Exercise – Omit every picture and return the rest of the data unaltered.

Information provided –
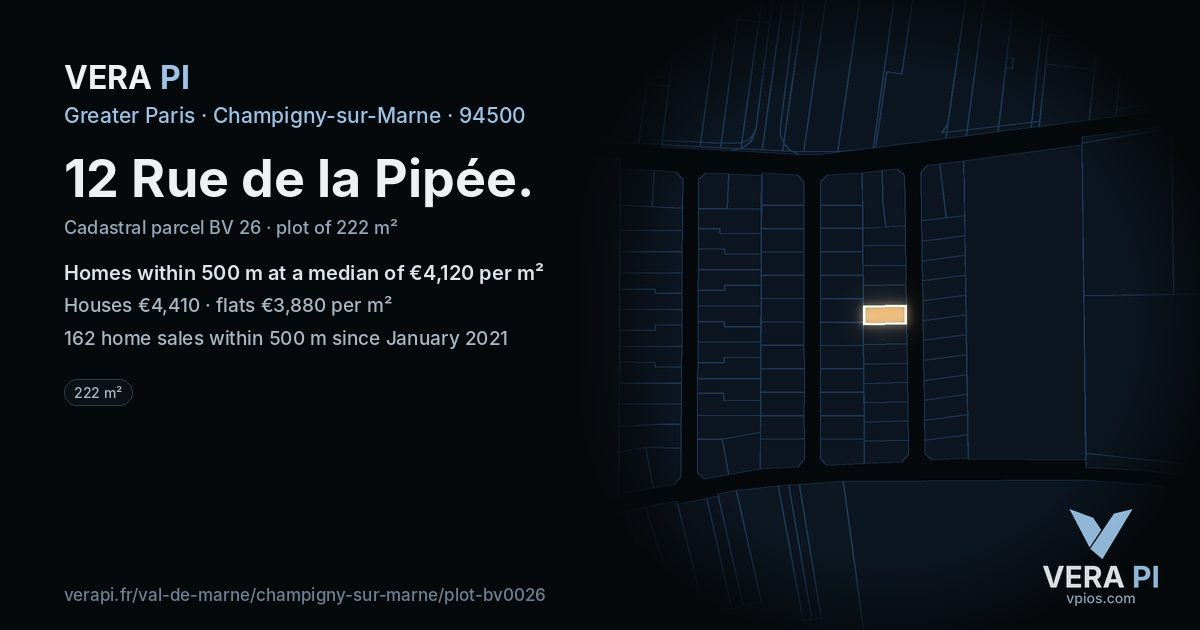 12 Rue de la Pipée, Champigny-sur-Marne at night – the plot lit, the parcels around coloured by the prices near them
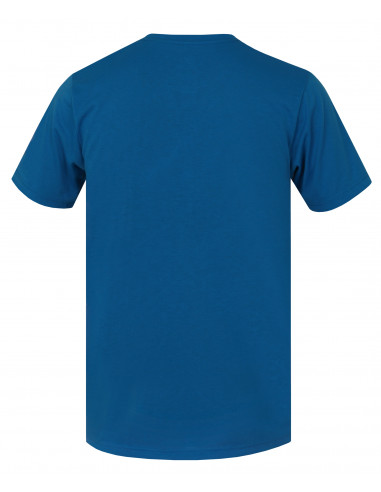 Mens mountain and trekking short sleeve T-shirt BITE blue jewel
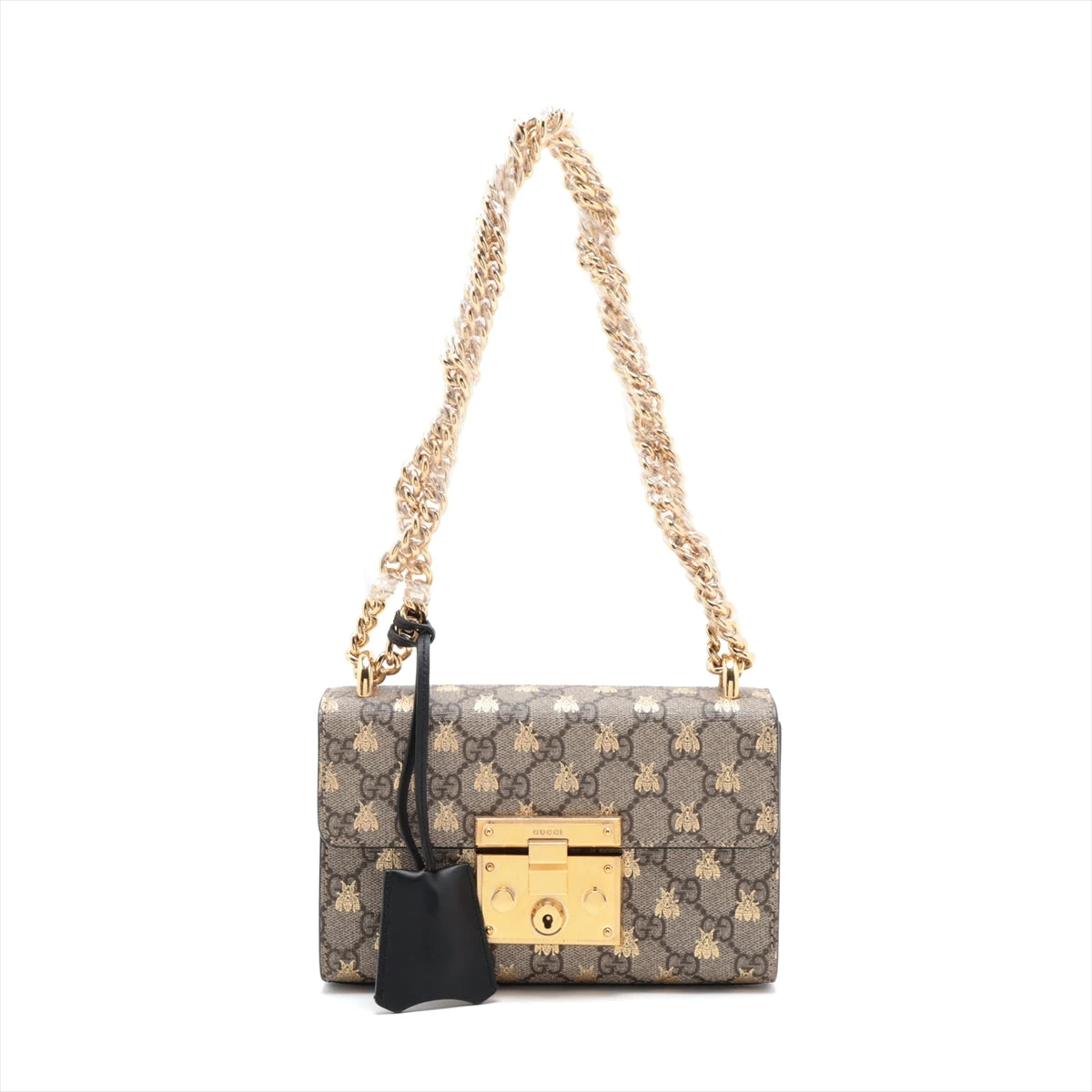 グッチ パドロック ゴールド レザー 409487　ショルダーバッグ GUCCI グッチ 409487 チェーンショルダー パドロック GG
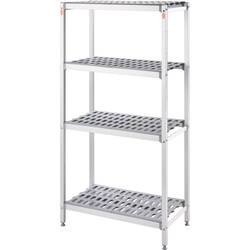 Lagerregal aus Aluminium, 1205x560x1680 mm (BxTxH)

Response to the task –
 12 Rue de la Pipée, Champigny-sur-Marne at night – the plot lit, the parcels around coloured by the prices near them
 Mens mountain and trekking short sleeve T-shirt BITE blue jewel
 グッチ パドロック ゴールド レザー 409487　ショルダーバッグ GUCCI グッチ 409487 チェーンショルダー パドロック GG
 Lagerregal aus Aluminium, 1205x560x1680 mm (BxTxH)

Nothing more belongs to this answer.